As far as intro tracks go, ‘Sergio Corbucci Is Dead’ is fine. It’s a minute-long tribute to film director Sergio Corbucci in the style of Ennio Morricone (Italian western film composer extraordinaire). It’s lovely but unexpected in that it isn’t heavy at all. Fortunately, the first single ‘Hate Über Alles’ is here to kick ass. Mille Petrozza sounds friggin’ amazing on vocals, having lost little of his bite. It’s loud and aggressive, with the title translating to “Hate Above All”, it depicts a world gone mad and full of anger. Riff wise there’s no doubt Petrozza and Sami Yli-Sirniö are firing on all cylinders. There’s definitely a sense of community through the lyrics on the record, with several songs drawing the audience in with “us” or “we”. ‘Killer of Jesus’ is fast too, with gang vocals adding to the feeling of unity one feels when thrashing in a pit. The blasphemy doesn’t hurt either. ‘Crush the Tyrants’ has a pretty nifty drum and rhythm intro before dropping into a heavy groove built for a slower kind of headbang. The refrain is easy to pick up: “Us against You, for life.” It’s arguably a bit more power metal with the solos really taking advantage of the slower tempo.
So far so good? We’ve had some genuinely great speed metal songs and a decent enough thumper. Second single ‘Strongest of the Strong’ is another good song. The riff is fine, quite an 80s kind of rhythm with Petrozza barking. It’s “just good” though, and lacks the fired-up flair of the opening tracks and repeats similar gang vocals of ‘Killer of Jesus’. It’s a tough guy song, for damn sure, but feels a bit too obvious and safe. ‘Become Immortal’ fares much better with a drum beat straight out of Iron Maiden’s ‘Where Eagles Dare’ and a classic metal vibe overall. Great chorus with lyrics capturing the band’s inception and development to immortal thrash gods. New guy Frédéric Leclercq gets a little bass solo too before operatic choral vocals join in. Fifteen albums in and it’s cool they’ll try some different things.
‘Conquer and Destroy’ continues the refreshed approach with a melodic guitar harmony that leads into a breakneck series of thrash riffs. The solos squeal at just the right time and the lead harmonies are killer. Hang on – what the hell is this? Clean vocals? Mille what are you doing? Yep there’s a bridge with a vocal harmony to match the guitars while Mille screeches over it. Not sure how I feel about this, it feels unnecessary in what was already a great song. Gnarly closing riff though.

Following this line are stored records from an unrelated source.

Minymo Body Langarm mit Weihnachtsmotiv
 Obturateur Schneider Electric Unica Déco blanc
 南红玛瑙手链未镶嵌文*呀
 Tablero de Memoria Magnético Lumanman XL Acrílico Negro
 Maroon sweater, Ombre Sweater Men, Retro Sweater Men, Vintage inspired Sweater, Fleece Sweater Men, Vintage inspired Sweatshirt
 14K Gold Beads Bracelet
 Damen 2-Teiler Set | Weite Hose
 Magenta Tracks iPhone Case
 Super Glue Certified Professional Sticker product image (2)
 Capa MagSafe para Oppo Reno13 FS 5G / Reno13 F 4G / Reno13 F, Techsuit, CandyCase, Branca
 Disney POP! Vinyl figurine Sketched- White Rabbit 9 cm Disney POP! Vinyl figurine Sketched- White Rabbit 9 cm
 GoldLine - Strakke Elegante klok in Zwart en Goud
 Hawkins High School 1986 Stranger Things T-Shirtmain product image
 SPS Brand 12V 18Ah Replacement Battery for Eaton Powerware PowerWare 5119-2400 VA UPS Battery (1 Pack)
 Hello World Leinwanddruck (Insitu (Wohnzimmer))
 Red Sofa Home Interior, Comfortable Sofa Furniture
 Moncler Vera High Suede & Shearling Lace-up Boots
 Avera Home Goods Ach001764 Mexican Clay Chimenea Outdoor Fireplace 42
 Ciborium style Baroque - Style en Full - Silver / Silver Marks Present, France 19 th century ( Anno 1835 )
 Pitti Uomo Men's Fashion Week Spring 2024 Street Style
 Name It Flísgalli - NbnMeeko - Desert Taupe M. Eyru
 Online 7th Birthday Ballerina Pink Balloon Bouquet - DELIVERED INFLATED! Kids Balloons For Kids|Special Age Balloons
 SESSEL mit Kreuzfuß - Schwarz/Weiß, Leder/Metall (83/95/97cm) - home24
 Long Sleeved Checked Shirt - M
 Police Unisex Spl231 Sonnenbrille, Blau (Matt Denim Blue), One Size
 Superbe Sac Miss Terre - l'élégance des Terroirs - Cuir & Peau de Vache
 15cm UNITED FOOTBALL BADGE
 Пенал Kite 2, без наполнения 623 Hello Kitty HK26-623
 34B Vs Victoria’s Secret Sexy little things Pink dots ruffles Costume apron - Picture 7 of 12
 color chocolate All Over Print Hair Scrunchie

Turns out the brief inclusion of different vocals was just a warm up for the first Kreator track with female vocals. ‘Midnight Sun’ has already been a bit divisive amongst fans with Sofia Portanet adding vocals to the bridge and chorus. Putting that aside for a moment, the song is fairly standard fare for the band with a series of riffs that are fast on the verses and slower on the chorus. Portanet’s addition does make the track stand out otherwise, and no surprise it’s been a single already since her contribution does add accessibility and might just help attract new fans. As Petrozza has pointed out, they like to find a “new focus with the same sound, coming at our music from a slightly different angle.” It’s memorable for sure, maybe not as hooky as it could have been, but tells a cool story and feels right for this album. It’s pretty clear though that they aren’t compelled to just play fast for every song on this one.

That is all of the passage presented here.